Brenda – Silver Tower

It’s probably, more than likely, safe to say that the scope Pavement reached with their tenure as a band – five albums and all – is one of great significance. I mean, just look at the music that preceded them and what has come out since then. To this day, bands still insist on making lo-fi recordings because it obviously worked before. On the other side of the coin, bands have also taken to the richness of tight melodies and sing-along lyrics with strong, guitar-based rock. Nothing too flashy and nothing too daring but all the while enjoyable.

And though it’s easy to tread on such waters, in the best sense that it’s been done before and to near-perfection mind you, it comes with inevitable pitfalls too. Brenda’s debut as an indie rock band from Maine is filled with the kind of music you’d most likely enjoy on the typical alternative radio rock of the 90s but with a contemporary feel. Silver Tower is an album wound at the seams with sweltering guitars, an album that is unafraid of reaching into the melting jam sense, while still maintaining a hold for their songs’ linear movements and mostly, it seems to be a decent cause for a change.
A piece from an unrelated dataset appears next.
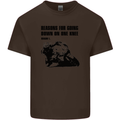 Biker Down on One Knee Motorcycle Motorbike Kids T-Shirt Childrens Chocolate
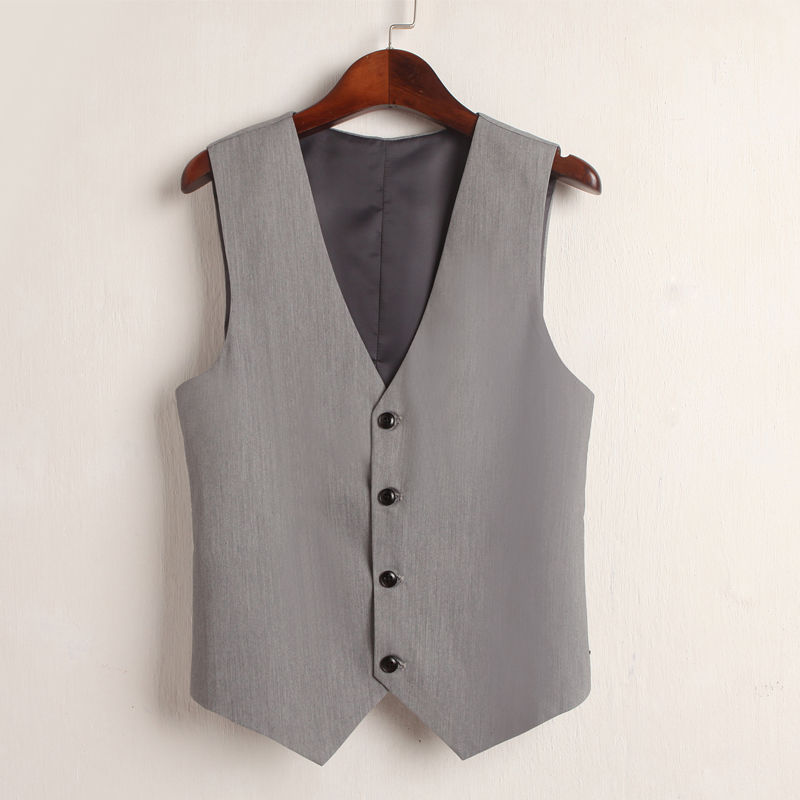 Men's And Women's Fashion Simple Sleeveless Vest Jacket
As much as it tends to try and veer of the angular rock scene that it’s drawing from, Brenda’s music is also a tad too same-y for its own good. “Retina” captures a movement in sound where it all seems to just float together – receding hi-hat and reverb-soaked keyboards and all – but on that same note, it all seems to just melt away together. These moments seem stale and unmemorable, and yet there are songs like “Shaililai” that simply take over. The latter’s shining melody and driving bass line allows for a smooth blend of catchy rock that fully suits what Malkmus had done before them – it’s here that the homage is most felt.

But in the purest sense, the straight-up pop that infiltrates Silver Tower is neither too offensive and neither too bland to entirely dismiss. There is a lot of skill flitting about and while Brenda still has time to fill the space with more creativity, there is enough here to build on. Many of the songs transition into rocking improvisational moments where the trio is called upon to jam out, counter each other and many times, explore new realms of the music.

These, like the ending of “ Blackout,” are the album’s strongest highlights and it leaves plenty to be desired. And with the ensuing “Delegator,” it makes perfect sense why Jeff Tweedy has been so high on Brenda’s music. In the end, Silver Tower is a fine debut, a modest one that knows its boundaries and limits – now it’s time to expand on them.